# Week 4: APIs and Distance Metrics

Today we will continue learning about gathering data. We discussed open data portals and how to get US Census data from the Census Bureau API. We will continue learning about different API types and learn how to use the Google Maps API to geolocate places, get directions, and more. Through this, we will also learn about different distance measurements. 

In [None]:
import pandas as pd
import numpy as np
import geopandas as gpd

### Brief aside: dealing with strings

Recall: strings are sets of text made up of individual characters. There are a few important ways you can manipulate strings:

In [None]:
# Recall that strings can be indexed just like lists
address = "921 University Ave, Ithaca, NY 14853"
address[0:10]

In [None]:
# You can also replace chunks of text with another
# The format is x.replace(old_text, new_text)
address.replace("University", "College")

In [None]:
# This is helpful when you want to remove characters, you can replace them with empty strings: ""
address.replace("921", "")

In [None]:
# It will replace ALL instances of the old text, like for example spaces:
address.replace(" ", "")

In [None]:
# You can also concatenate or join text in a list together into one string:
# The format is "separator".join(list)

address_chunks = ["921", "University", "Ave", "Ithaca", "NY", "14853"]
# You usually want to add a space between words so the separator can be " "
" ".join(address_chunks)

In [None]:
# But it can be any character that you want
"*".join(address_chunks)

In [None]:
# Let's look at our list of new york housing listings

nyc_housing = pd.read_csv('newyork_housing.csv')
nyc_housing.head()

In [None]:
# With dataframes, you can also add text a few different ways:

#For example lets save the city state
nyc_housing['citystate'] = nyc_housing['address/city'] + ", " + nyc_housing['address/state']
nyc_housing.head()

In [None]:
# We can also use .apply and .join

nyc_housing['citystate'] = nyc_housing.apply(lambda x: ", ".join([x['address/city'], x['address/state']]), axis=1) 
# We add axis=1 when we .apply to more than one column, in this case the whole dataframe

In [None]:
# Error! .join expects strings and it looks like sometimes we have NaN values
# We can REPLACE the nans with empty strings and then ensure the type is a string

nyc_housing['address/city'] = nyc_housing['address/city'].astype(str).replace(np.nan, '')
nyc_housing['address/state'] = nyc_housing['address/state'].astype(str).replace(np.nan, '')
nyc_housing['citystate'] = nyc_housing.apply(lambda x: ", ".join([x['address/city'], x['address/state']]), axis=1) 
nyc_housing.head()

In [None]:
## YOUR TURN
## Create a new column that has the whole string address 

## HINT You will want to make the zipcodes into integers


## Google Maps API

One powerful API we can use is from Google Maps.

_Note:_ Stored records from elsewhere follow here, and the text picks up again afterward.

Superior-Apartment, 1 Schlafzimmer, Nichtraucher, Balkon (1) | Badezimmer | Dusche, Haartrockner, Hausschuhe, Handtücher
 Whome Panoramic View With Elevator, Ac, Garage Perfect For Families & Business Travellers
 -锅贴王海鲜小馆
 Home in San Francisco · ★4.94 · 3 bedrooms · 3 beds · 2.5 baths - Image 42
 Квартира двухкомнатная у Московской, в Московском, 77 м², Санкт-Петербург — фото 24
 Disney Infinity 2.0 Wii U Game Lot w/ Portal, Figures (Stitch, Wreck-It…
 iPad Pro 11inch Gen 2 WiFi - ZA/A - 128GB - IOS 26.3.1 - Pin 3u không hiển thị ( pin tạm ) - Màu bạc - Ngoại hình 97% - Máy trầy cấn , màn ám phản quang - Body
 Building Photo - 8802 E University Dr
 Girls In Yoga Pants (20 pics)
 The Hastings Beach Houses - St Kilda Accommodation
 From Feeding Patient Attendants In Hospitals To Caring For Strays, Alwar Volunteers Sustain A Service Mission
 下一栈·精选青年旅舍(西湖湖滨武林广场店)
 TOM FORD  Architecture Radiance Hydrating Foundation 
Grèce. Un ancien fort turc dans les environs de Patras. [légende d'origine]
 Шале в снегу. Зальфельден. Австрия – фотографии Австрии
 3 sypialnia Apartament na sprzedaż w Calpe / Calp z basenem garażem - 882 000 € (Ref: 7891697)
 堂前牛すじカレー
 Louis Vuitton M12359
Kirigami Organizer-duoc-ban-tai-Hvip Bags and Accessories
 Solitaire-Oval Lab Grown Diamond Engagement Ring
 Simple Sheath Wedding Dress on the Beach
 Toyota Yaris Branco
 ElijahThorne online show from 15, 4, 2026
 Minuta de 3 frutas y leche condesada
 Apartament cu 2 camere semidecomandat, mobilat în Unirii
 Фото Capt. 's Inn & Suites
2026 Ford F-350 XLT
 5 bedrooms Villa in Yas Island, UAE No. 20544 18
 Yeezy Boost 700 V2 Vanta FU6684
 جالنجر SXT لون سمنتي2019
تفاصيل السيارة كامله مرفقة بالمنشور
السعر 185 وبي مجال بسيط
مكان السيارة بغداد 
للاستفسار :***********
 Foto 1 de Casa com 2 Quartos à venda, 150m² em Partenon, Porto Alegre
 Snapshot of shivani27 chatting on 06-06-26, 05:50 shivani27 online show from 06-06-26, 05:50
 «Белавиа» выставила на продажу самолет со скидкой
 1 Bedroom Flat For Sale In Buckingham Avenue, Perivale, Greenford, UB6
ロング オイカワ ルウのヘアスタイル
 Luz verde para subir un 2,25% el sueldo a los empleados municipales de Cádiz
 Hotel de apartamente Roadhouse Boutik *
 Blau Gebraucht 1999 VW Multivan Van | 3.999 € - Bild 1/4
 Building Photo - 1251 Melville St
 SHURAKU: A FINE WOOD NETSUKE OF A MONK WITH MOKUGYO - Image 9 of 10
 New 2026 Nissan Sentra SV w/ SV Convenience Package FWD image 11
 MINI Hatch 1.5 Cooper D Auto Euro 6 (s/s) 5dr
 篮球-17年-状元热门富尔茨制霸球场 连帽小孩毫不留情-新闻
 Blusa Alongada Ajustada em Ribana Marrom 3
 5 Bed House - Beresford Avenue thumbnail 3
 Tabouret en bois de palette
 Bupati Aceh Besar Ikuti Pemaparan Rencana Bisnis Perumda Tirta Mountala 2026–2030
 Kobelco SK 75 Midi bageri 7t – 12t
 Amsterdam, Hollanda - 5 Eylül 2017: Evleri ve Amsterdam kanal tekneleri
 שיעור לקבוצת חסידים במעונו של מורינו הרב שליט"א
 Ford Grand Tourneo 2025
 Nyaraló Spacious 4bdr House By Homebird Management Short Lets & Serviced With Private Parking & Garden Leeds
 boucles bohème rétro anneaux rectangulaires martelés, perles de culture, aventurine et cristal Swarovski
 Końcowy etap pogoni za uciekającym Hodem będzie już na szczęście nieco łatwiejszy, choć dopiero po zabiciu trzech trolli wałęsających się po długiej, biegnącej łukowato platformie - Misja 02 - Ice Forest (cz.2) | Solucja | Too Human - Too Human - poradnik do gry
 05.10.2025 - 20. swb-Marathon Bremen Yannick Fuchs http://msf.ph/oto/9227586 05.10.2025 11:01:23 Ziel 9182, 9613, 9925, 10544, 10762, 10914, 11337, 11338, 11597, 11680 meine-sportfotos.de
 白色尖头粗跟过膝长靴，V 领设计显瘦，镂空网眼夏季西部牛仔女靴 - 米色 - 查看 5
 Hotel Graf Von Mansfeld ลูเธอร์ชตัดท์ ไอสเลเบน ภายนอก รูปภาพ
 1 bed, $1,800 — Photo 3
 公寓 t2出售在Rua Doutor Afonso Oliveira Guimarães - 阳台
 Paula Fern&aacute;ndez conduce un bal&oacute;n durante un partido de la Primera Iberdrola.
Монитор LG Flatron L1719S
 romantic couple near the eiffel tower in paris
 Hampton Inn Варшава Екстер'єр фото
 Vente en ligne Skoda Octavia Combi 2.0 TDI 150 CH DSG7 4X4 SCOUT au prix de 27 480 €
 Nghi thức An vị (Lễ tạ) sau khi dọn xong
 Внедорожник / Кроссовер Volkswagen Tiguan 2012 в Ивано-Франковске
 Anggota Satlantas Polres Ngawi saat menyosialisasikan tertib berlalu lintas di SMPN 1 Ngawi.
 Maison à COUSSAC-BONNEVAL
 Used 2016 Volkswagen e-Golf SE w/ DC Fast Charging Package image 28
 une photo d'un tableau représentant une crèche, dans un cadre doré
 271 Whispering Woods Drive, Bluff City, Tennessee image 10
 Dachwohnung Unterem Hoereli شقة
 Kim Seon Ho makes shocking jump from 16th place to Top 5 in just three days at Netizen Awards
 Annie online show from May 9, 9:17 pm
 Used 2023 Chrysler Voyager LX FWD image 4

First, we need to get set up in the Google Cloud Console. 

Once we are set up, we can import the `googlemaps` package and insert our API key. 

In [None]:
!pip install googlemaps

In [None]:
import googlemaps
from gmaps_key import API_KEY # Add your key to the gmaps_key.py file

# Just like with the census data, we need to provide our API_KEY to the googlemaps library.
gmaps = googlemaps.Client(key=API_KEY)

In [None]:
# We can get the latitude-longitude location of an address

geocode_result = gmaps.geocode("921 University Ave, Ithaca, NY 14853")
geocode_result

In [None]:
# This is a list of length = 1 because we gave it one address
# Inside is a dictionary

# We can get just the location we need:
geocode_result[0]['geometry']['location'] # It is really nested in there!

In [None]:
# We can apply the API to a set of addresses from a dataframe:
# Looping through each row of a dataframe uses .iterrows() like this

# First let's create a temporary smaller dataframe to make this quicker
tmp = nyc_housing.iloc[0:100]

# Now, let's save the lat and lon of each address
all_lats, all_lons = [],[]
for idx, row in tmp.iterrows():
    location = gmaps.geocode(row['full_address'])
    lat = location[0]['geometry']['location']['lat']
    lon = location[0]['geometry']['location']['lng']
    all_lats.append(lat)
    all_lons.append(lon)

tmp['geocode_lat'] = all_lats
tmp['geocode_lon'] = all_lons
tmp.head()
    


In [None]:
# We can also go the opposite direction. Take the lat/lon values and get an address.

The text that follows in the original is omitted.